Pointer to BTF object is a pointer to kernel object or NULL.
Such pointers can only be used by BPF_LDX instructions.
The verifier changed their opcode from LDX|MEM|size
to LDX|PROBE_MEM|size to make JITing easier.
The number of entries in extable is the number of BPF_LDX insns
that access kernel memory via "pointer to BTF type".
Only these load instructions can fault.
Since x86 extable is relative it has to be allocated in the same
memory region as JITed code.
Allocate it prior to last pass of JITing and let the last pass populate it.
Pointer to extable in bpf_prog_aux is necessary to make page fault
handling fast.
Page fault handling is done in two steps:
1. bpf_prog_kallsyms_find() finds BPF program that page faulted.

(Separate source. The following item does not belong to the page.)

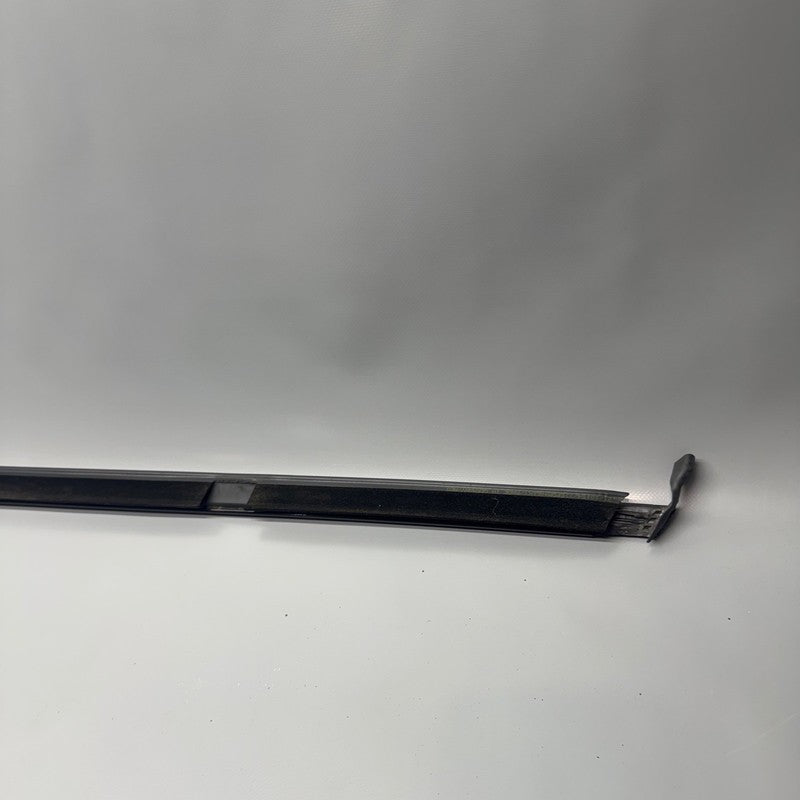 PORSCHE CAYENNE DOOR BELT MOLDING RIGHT FRONT 2019 2020 OEM 9Y0837476J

   It's done by walking rb tree.
2. then extable for given bpf program is binary searched.
This process is similar to how page faulting is done for kernel modules.

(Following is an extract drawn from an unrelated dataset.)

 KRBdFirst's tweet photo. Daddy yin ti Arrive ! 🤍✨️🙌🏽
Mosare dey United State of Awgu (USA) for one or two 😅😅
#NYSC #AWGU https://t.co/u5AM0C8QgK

The exception handler skips over faulting x86 instruction and
initializes destination register with zero. This mimics exact
behavior of bpf_probe_read (when probe_kernel_read faults dest is zeroed).

JITs for other architectures can add support in similar way.

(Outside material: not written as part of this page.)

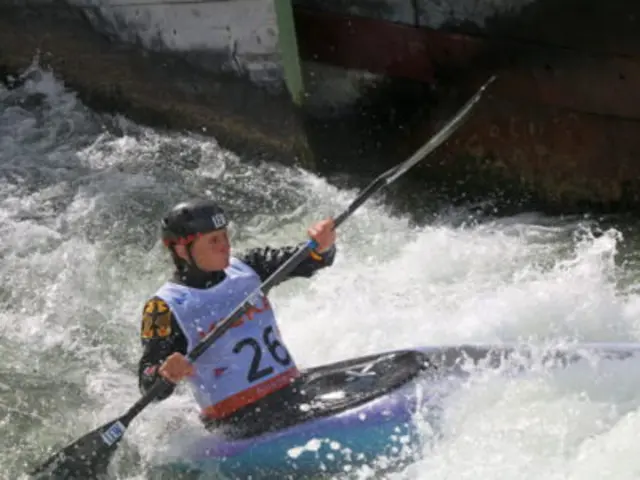 Elena Lilik im Kajak Einer | Foto: Marianne Stenglein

Until then they will reject unknown opcode and fallback to interpreter.

Since extable should be aligned and placed near JITed code
make bpf_jit_binary_alloc() return 4 byte aligned image offset,
so that extable aligning formula in bpf_int_jit_compile() doesn't need
to rely on internal implementation of bpf_jit_binary_alloc().
On x86 gcc defaults to 16-byte alignment for regular kernel functions
due to better performance. JITed code may be aligned to 16 in the future,
but it will use 4 in the meantime.

Signed-off-by: Alexei Starovoitov <ast@kernel.org>
---
 arch/x86/net/bpf_jit_comp.c | 97 +++++++++++++++++++++++++++++++++++--
 include/linux/bpf.h         |  3 ++
 include/linux/extable.h     | 10 ++++
 kernel/bpf/core.c           | 20 +++++++-
 kernel/bpf/verifier.c       |  1 +
 kernel/extable.c            |  2 +
 6 files changed, 128 insertions(+), 5 deletions(-)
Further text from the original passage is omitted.